"Póki nie uczynisz miejsca, w którym żyjesz rajem, każde miejsce, do którego uciekniesz będzie piekłem."
Prawda, prawda, święta prawda. Porządkując życie trzeba zacząć od źródeł, od początku. Najpierw trzeba dotrzeć do początku. Oczywiście dotarcie do źródeł może nie być takie łatwe. Źródło prawdopodobnie ukryte będzie pod osłoną pancerzy wytworzonych przez lata w samoobronie. Dlatego może i nie da się zacząć od początku? Może najpierw należy skruszyć pancerz? Może się zdarzyć, że będzie to niekończąca się praca. Może nawet będzie trwała przez całe życie. Ale każdy krok przybliżający do własnej esencji, do siebie samego, jest wart wysiłku i czasu na to poświęconego. Zbliżając się do siebie, tak wiele rzeczy staje się jasnych. Tematy, które wcześniej zdawały się zagadką nie do rozwiązania, stają się coraz mniej mgliste, coraz więcej światła zaczyna na nie padać. Wszystko staje się prostsze, bo wewnętrzny opór się zmniejsza. Im cieńszy i lżejszy pancerz, tym opór jest mniejszy. Im mniejszy opór tym więcej siły by stawić czoła swoim słabościom i odważyć się spojrzeć im w oczy. Inaczej nie da się uwolnić - ucieczka od problemów powiększa tylko ciężar i sprawia, że coraz trudniej jest żyć.

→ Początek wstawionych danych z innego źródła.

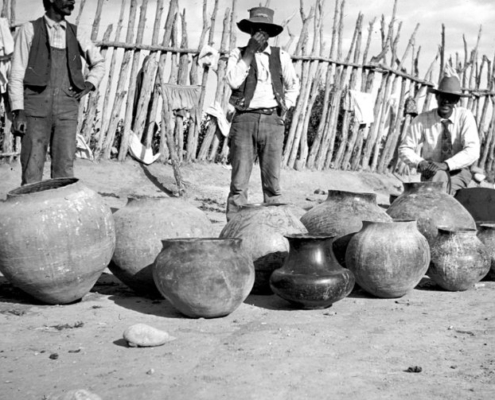 PJ men with pots pepper 1903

Raj to wolność od pancerza, brak potrzeby ucieczki i stan jedności ze sobą.
ja się usilnie staram pozbyć swojego pancerza. Może kiedyś mi się uda.

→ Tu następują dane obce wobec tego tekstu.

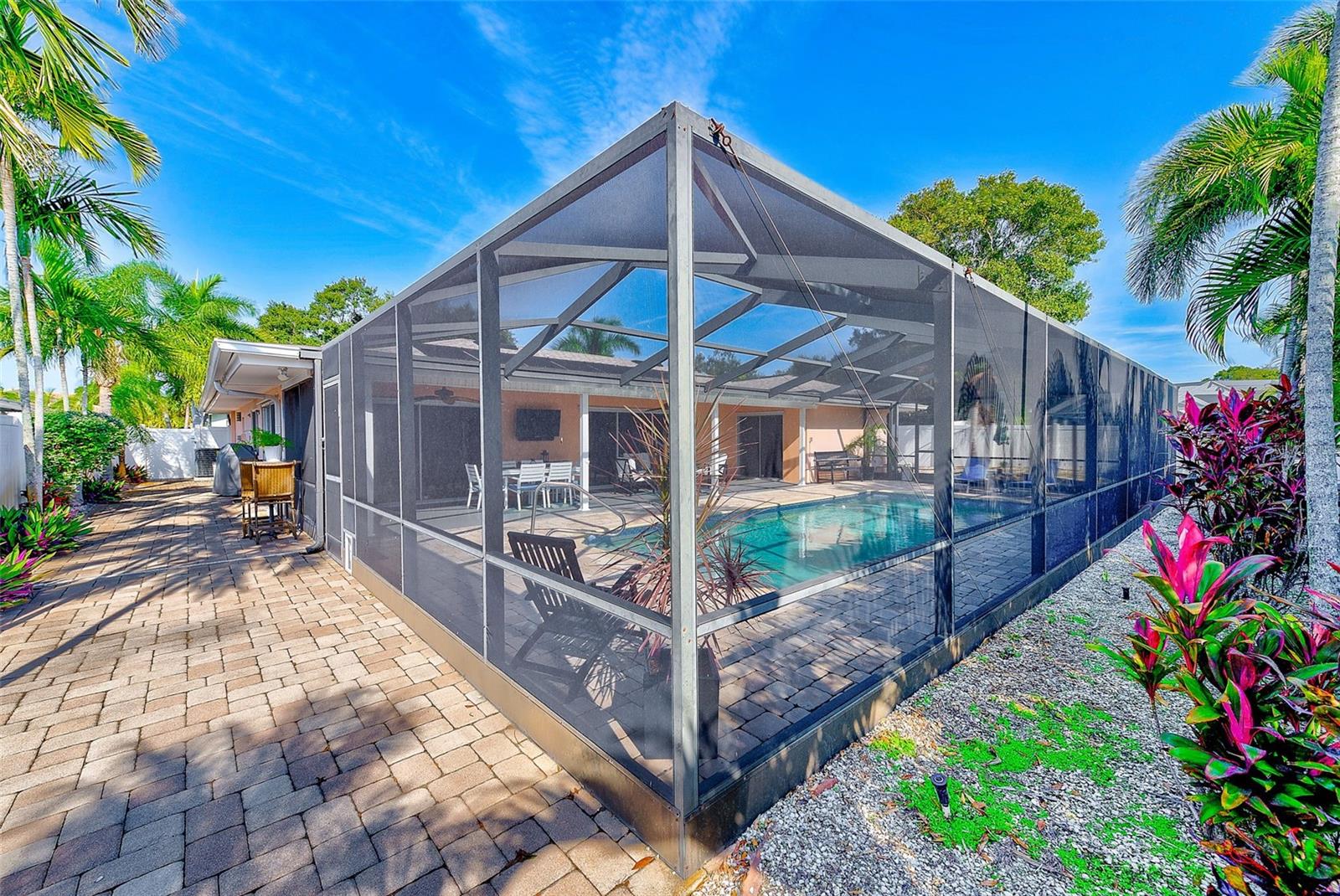 OAKHURST PARK 1ST ADD - Residential Lease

OdpowiedzUsuńUda się prędzej czy później! Jak się już ma jego świadomość to coraz łatwiej z czasem będzie- myślę. Ja też się staram i też idzie różnie, czasem w kółko chodzę, ale chyba ważne jest właśnie to staranie.Każda chwila jest ważna i potrzebna, nawet jak się wydaje, że się w kółko chodzi.